As we learn to see the world through the eyes of women, we see our world changing, both the old and new. This is scary for a lot of people, but it need not be. Things are changing in our world largely due to the perspectives female leadership is bringing. New perspectives are often frightening when we’ve lived so long in the old. Take the Bible, for example, it’s been the bestselling book in America for a very long time, the cornerstone of the “swearing in” of legal court procedures, and yet many popular Biblical interpretations support perspectives that promote practices of violence against women, sexism and silencing as the norm.

Depth Psychologist, C.G. Jung said that in order to understand the American psyche, we need to read our Bibles. This is also scary because many oppressive biblical ideas about women became the foundations upon which our culture was constructed. While I’m a female pastor and search for new perspectives on the old, old stories to inform faith in the 21st Century, I try and remember that the Bible didn’t invent patriarchy, but many interpretations of Bible portray a system in which women were conscripted to become subservient to males as a form of moral, civil and religious practice.
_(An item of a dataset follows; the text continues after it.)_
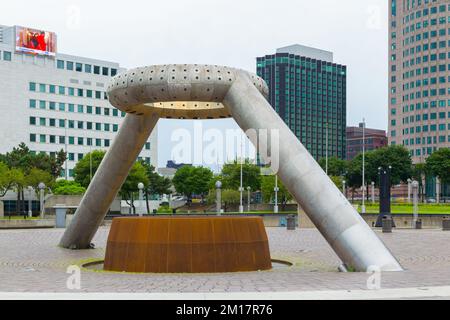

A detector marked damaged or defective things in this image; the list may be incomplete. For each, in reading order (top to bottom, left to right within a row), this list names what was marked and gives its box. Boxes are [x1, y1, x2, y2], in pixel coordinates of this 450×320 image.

rusted steel basin [103, 215, 270, 272]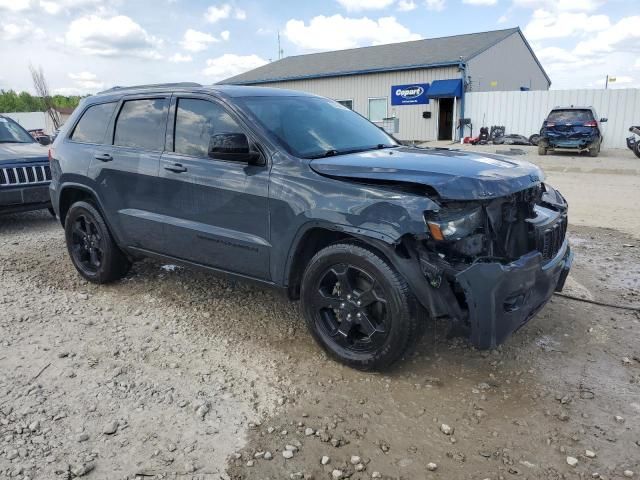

In other words, Bible culture often promotes a world view like Etta James sings about in the old blues song: “it’s a man’s world but it would be nothing without a woman or a girl.”

But there is a way forward, a kind of third way, something Jung was popular for promoting. The tension between the opposites, and we’re seeing it now in our world and we can see it in our religion, too, if we’re willing to open our eyes and hearts to a new perspective, accepting not only a woman’s leadership, but learning to see the world through her eyes, backwards and forwards.

We can still do Bible and believe in women’s identity, it’s not an either or situation, we don’t have to isolate ourselves from society to adhere to a morality system built for the first millennia BCE, and we don’t have to ditch our Bibles to see something new.

As woman becomes more and more the hero, the champion, the lead character in her own story, we begin to see our old, old stories differently, too. The women in the ancient stories who led men, became warriors and war strategists, and through their leadership, accomplished heroic acts on behalf of God, become more present on the pages that undergird our faith world  as women become more prominent leaders in our world, too.

Jung also said that what is needed in our time are new narratives from old stories. If we can learn to read our lives through the eyes of the women who are leading us forward, with the seeds of new life in their hearts,  we just might see things we never saw before, the future just might be brighter than we think.